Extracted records
+--

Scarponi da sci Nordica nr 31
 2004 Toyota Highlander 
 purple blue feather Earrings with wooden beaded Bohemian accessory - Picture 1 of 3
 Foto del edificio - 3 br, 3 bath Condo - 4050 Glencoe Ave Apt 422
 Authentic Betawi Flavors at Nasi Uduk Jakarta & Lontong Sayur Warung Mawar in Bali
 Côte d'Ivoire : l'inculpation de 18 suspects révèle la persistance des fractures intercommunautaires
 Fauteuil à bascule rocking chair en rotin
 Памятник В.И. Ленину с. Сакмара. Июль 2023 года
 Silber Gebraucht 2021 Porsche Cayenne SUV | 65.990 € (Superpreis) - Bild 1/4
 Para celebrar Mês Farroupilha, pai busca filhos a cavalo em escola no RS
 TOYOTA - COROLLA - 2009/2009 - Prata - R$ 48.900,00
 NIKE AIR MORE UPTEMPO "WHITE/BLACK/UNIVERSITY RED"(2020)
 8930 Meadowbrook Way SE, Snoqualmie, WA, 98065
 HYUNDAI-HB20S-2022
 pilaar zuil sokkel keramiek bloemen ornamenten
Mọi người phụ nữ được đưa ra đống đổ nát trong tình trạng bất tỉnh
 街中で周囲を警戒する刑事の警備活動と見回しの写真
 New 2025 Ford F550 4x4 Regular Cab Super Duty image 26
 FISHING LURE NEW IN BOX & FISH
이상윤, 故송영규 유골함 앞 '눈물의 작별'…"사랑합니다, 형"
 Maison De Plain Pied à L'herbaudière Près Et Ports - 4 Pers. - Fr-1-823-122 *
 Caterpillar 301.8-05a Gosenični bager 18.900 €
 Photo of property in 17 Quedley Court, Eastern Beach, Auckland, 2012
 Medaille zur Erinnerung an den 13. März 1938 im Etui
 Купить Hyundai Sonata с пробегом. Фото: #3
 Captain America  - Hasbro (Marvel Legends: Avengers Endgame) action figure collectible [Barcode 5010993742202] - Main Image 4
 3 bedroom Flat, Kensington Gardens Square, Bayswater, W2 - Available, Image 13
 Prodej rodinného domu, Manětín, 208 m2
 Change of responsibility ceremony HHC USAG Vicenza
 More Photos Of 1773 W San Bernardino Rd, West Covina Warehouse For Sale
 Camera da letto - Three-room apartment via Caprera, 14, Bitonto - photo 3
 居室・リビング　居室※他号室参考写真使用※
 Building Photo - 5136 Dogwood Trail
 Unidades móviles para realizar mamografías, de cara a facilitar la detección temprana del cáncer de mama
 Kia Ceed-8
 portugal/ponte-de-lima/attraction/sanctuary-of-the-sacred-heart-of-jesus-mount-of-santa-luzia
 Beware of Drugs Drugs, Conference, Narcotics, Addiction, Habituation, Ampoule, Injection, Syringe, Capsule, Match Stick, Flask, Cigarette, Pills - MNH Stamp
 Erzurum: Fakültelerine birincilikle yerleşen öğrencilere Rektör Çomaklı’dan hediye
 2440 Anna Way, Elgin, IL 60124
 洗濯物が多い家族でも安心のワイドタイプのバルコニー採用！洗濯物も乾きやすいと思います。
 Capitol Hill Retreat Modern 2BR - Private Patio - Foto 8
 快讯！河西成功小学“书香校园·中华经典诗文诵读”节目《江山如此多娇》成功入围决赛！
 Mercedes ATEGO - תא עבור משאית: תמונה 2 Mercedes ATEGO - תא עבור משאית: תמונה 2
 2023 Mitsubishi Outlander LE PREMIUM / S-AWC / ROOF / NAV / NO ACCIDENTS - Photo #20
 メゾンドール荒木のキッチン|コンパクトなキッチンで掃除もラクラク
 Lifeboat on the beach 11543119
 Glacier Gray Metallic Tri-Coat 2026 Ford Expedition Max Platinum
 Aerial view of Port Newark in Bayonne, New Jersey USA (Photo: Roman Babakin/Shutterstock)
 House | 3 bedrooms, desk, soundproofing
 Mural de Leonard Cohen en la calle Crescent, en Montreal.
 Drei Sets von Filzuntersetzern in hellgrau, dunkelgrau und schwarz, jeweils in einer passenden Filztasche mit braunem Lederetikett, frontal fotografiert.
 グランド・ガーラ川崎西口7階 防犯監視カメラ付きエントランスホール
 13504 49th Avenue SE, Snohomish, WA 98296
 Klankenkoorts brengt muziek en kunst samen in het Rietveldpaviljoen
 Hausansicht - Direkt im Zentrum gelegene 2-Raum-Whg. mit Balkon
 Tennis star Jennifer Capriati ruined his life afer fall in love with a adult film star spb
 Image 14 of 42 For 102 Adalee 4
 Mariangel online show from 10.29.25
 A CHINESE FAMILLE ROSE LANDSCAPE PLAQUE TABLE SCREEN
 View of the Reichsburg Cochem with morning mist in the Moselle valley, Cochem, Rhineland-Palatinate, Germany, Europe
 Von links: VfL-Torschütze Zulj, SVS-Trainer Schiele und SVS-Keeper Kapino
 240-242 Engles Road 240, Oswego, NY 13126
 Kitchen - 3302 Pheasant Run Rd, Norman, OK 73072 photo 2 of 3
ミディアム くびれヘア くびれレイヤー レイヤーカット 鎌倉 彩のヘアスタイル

+--

# EXERCISE DIRECTIONS
Above are some lines. Repeat exactly, and only, those from the line that has "Change of responsibility" through the line that has "Aerial view of".

# ANSWER SPACE
 Change of responsibility ceremony HHC USAG Vicenza
 More Photos Of 1773 W San Bernardino Rd, West Covina Warehouse For Sale
 Camera da letto - Three-room apartment via Caprera, 14, Bitonto - photo 3
 居室・リビング　居室※他号室参考写真使用※
 Building Photo - 5136 Dogwood Trail
 Unidades móviles para realizar mamografías, de cara a facilitar la detección temprana del cáncer de mama
 Kia Ceed-8
 portugal/ponte-de-lima/attraction/sanctuary-of-the-sacred-heart-of-jesus-mount-of-santa-luzia
 Beware of Drugs Drugs, Conference, Narcotics, Addiction, Habituation, Ampoule, Injection, Syringe, Capsule, Match Stick, Flask, Cigarette, Pills - MNH Stamp
 Erzurum: Fakültelerine birincilikle yerleşen öğrencilere Rektör Çomaklı’dan hediye
 2440 Anna Way, Elgin, IL 60124
 洗濯物が多い家族でも安心のワイドタイプのバルコニー採用！洗濯物も乾きやすいと思います。
 Capitol Hill Retreat Modern 2BR - Private Patio - Foto 8
 快讯！河西成功小学“书香校园·中华经典诗文诵读”节目《江山如此多娇》成功入围决赛！
 Mercedes ATEGO - תא עבור משאית: תמונה 2 Mercedes ATEGO - תא עבור משאית: תמונה 2
 2023 Mitsubishi Outlander LE PREMIUM / S-AWC / ROOF / NAV / NO ACCIDENTS - Photo #20
 メゾンドール荒木のキッチン|コンパクトなキッチンで掃除もラクラク
 Lifeboat on the beach 11543119
 Glacier Gray Metallic Tri-Coat 2026 Ford Expedition Max Platinum
 Aerial view of Port Newark in Bayonne, New Jersey USA (Photo: Roman Babakin/Shutterstock)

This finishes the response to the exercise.